The tears of a crocodile
I read Baffour's Beefs "Crocodile Tears" (NA, Sept) with great interest but equally with disgust to note that Western countries continue to treat Africa in whichever way they want. What is still difficult to swallow is that African leaders continue to dance to the foreign tune unabated.
On a lighter note, you, like many others, miss something about the tears of a crocodile. You said, for instance, "Eat your heart out G8. Your new expression of concern is akin to a crocodile shedding tears for a gazelle it has just eaten". Many will understand this as: instead of displaying happiness after it has eaten a gazelle, the crocodile weeps deceptively.
No Sir! A research I did a few years ago revealed a mistake by the person who first used the crocodile tears expression.

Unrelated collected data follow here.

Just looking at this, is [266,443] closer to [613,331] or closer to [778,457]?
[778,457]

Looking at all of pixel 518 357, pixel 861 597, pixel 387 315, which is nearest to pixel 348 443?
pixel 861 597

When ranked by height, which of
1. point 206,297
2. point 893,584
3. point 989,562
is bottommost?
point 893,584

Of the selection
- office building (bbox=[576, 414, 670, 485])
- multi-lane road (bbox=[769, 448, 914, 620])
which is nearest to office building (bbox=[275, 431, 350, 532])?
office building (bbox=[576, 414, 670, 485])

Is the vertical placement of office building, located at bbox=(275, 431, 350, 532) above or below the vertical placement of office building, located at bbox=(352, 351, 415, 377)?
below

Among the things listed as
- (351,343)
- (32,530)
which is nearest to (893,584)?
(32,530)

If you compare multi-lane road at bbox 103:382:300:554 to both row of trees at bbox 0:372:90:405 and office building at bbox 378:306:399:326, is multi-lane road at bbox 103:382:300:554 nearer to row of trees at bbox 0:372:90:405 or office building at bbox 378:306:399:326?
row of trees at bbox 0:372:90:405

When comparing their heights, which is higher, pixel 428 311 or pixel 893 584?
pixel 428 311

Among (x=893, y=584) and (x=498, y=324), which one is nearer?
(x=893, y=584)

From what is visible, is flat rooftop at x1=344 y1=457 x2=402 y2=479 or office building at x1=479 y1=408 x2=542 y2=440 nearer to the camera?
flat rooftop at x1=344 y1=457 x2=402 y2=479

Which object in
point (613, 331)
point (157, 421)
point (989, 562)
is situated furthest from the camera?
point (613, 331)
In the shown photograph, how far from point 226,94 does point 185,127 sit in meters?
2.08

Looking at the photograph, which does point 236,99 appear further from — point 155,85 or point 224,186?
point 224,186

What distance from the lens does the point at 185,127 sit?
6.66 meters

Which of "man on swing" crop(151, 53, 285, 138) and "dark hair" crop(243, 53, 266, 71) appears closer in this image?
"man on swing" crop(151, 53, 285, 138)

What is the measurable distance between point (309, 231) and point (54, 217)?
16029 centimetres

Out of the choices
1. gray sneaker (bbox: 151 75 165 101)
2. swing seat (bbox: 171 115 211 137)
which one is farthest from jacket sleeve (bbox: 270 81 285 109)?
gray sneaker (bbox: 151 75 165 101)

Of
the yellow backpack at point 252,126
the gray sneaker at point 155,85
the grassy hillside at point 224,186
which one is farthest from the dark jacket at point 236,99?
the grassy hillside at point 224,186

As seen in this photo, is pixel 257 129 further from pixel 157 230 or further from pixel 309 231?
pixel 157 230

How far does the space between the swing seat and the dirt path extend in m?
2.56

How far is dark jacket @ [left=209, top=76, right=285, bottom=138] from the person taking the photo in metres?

The crocodile's throat is so tiny, but with a large mouth, it always overestimates what it can swallow. After forcefully swallowing something that was too large for its throat, it really must weep in pain. So "Crocodile Tears" are genuine!
May God bless you and your team for the good work you are doing for Africa.
Osman A. Sankoh
University of Heildeberg Medical School, Germany
We rather should prove them wrong
I enjoy reading your magazine regularly as my father has subscribed to it. My only negative comment would be in reference to Baffour's article "Crocodile Tears" (NA, Sept). He ends by saying: "We challenge you [the West] to prove us wrong." Well, I challenge Africans to prove them wrong.
So far, we have only demonstrated that we are very good at starting civil wars and mismanaging public funds, especially those given to us by the IMF and other such bodies. I can be more specific with accusations referring to Sierra Leone, DRCongo and Chuba Okadigbo of Nigeria.
I would like to see us Africans prove to the world that we are capable of governing ourselves in a civil manner, and bringing prosperity to the continent. We cannot always expect handouts by blaming our colonial past. Is the USA not a former British colony? Need I say more?
I have always been a great admirer of Pini Jason's bravery in his articles, especially during the notorious Abacha era. But his recent piece on Obasanjo (NA, Sept) is full of contradictions.
Pini is unhappy with Obasanjo's dealings with the stares of the former Eastern Region, the Senate, and especially the recent scandal that saw the Senate president, Dr Chuba Okadigbo, resigning his post.
Where the conflict lies is New African's own reporting of the Senate scandal in the same September issue (p9), which showed how Okadigbo had grossly abused his position. So what's Pini's problem?
Palma de Mallorca, Spain
Nigeria: no commands, Sir!
After reading Pini Jason's article on Obasanjo (NA, Sept), all I could remember was the proverb: "The leopard can't change its spots."